Data for analysis
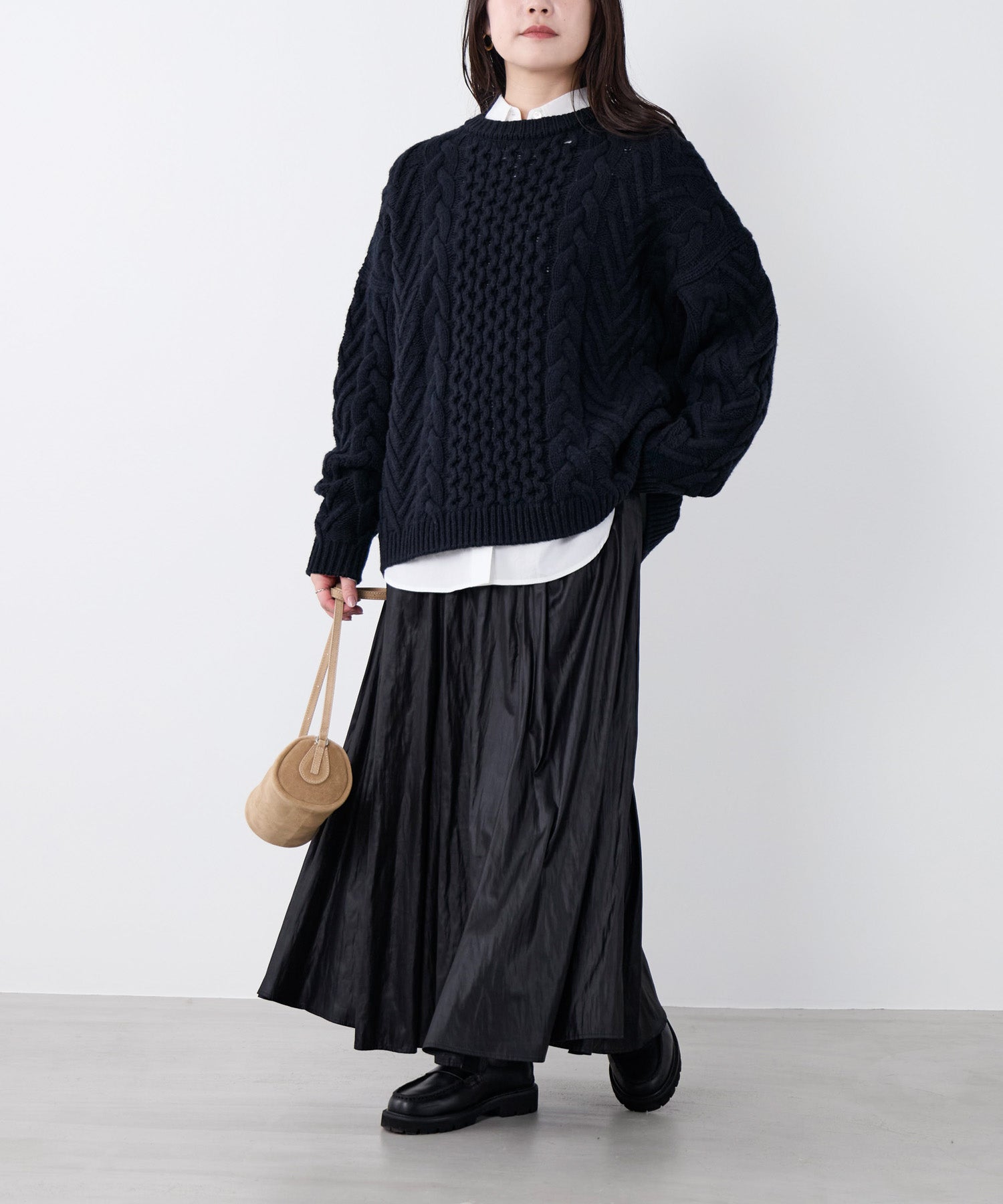レザーライクロングフレアスカート | MICA&DEAL ONLINE STORE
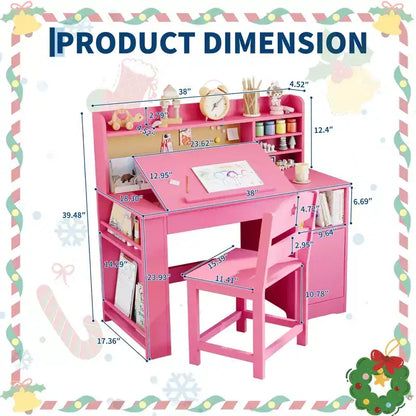 Set scrivania e sedia per bambini, con libreria superiore e piano inclinabile, tavolo da studio per bambini, scrivania per studenti, per camera da letto, casa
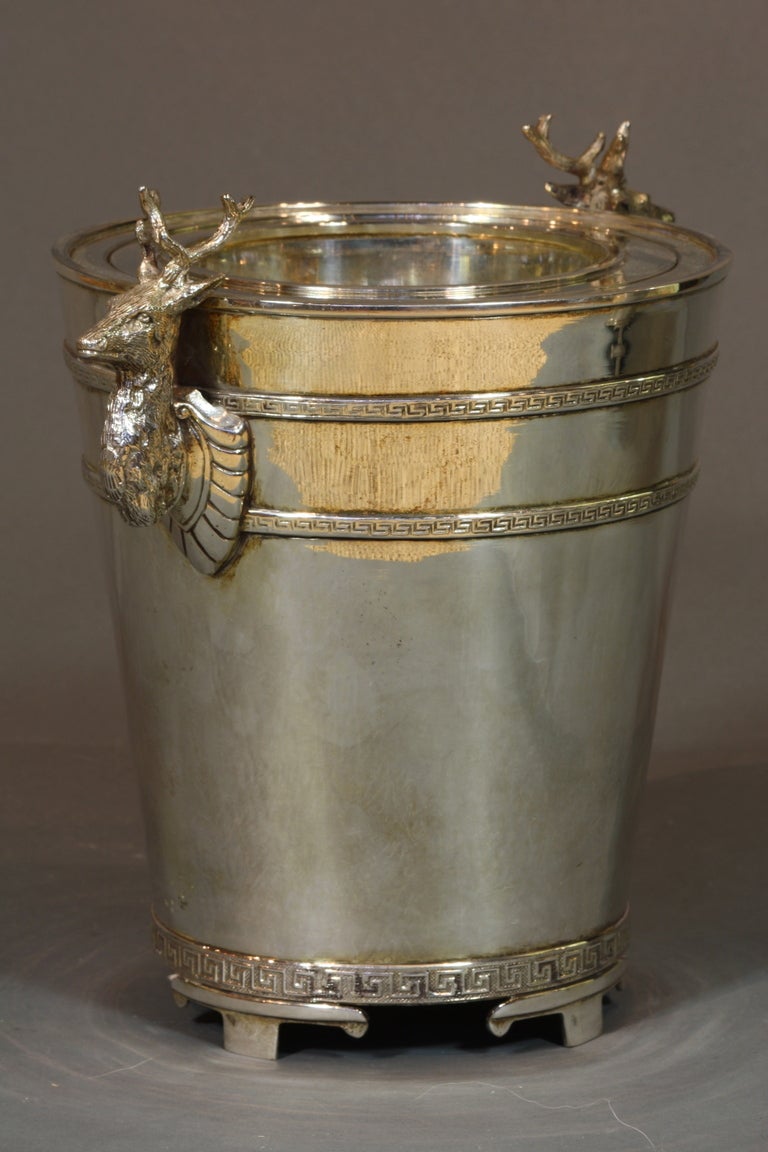 Neoclassical Pair of Sheffield Silver-Plate Wine Buckets with Stags' Heads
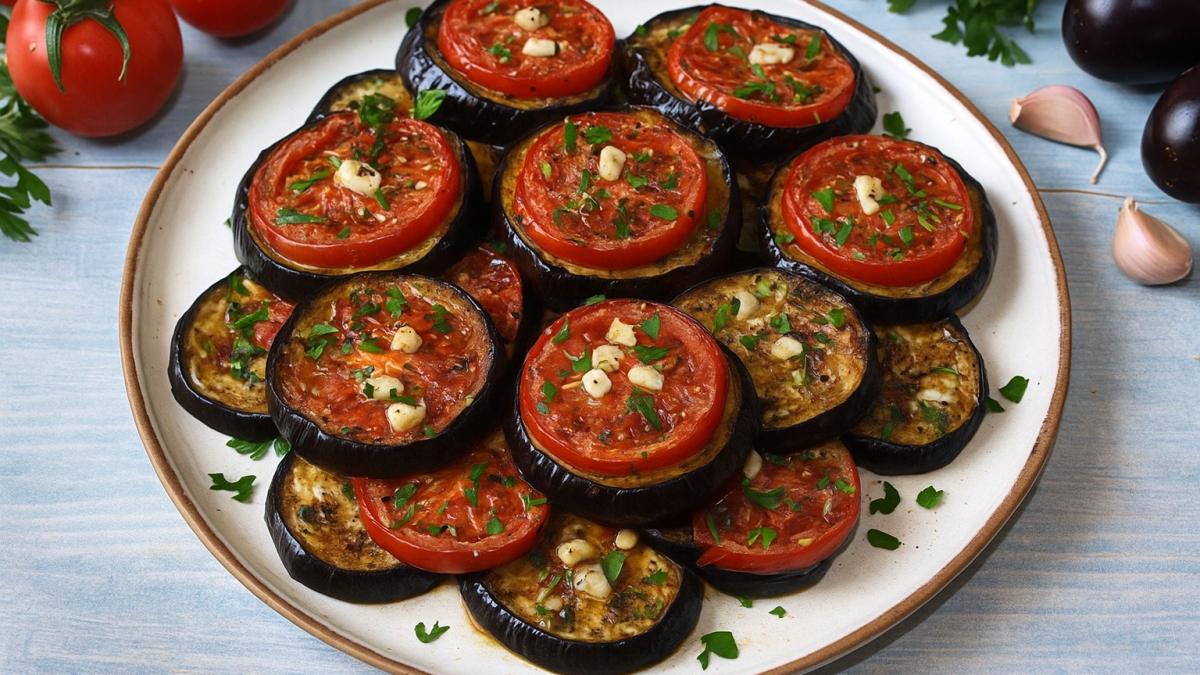 Баклажаны, запечённые с чесноком и томатами
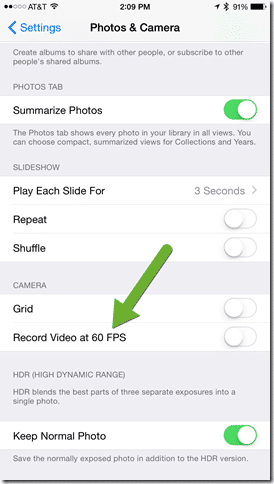 Tips for iPhone 6 and 6 Plus - 60 fps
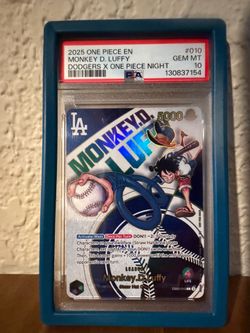 Bandai PSA 10 2025 One Piece Monkey D. Luffy Leader Promo Holo EN #010 Dodgers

Work order
Excluding images, return all of the records above word for word.

Written solution
レザーライクロングフレアスカート | MICA&DEAL ONLINE STORE
 Set scrivania e sedia per bambini, con libreria superiore e piano inclinabile, tavolo da studio per bambini, scrivania per studenti, per camera da letto, casa
 Neoclassical Pair of Sheffield Silver-Plate Wine Buckets with Stags' Heads
 Баклажаны, запечённые с чесноком и томатами
 Tips for iPhone 6 and 6 Plus - 60 fps
 Bandai PSA 10 2025 One Piece Monkey D. Luffy Leader Promo Holo EN #010 Dodgers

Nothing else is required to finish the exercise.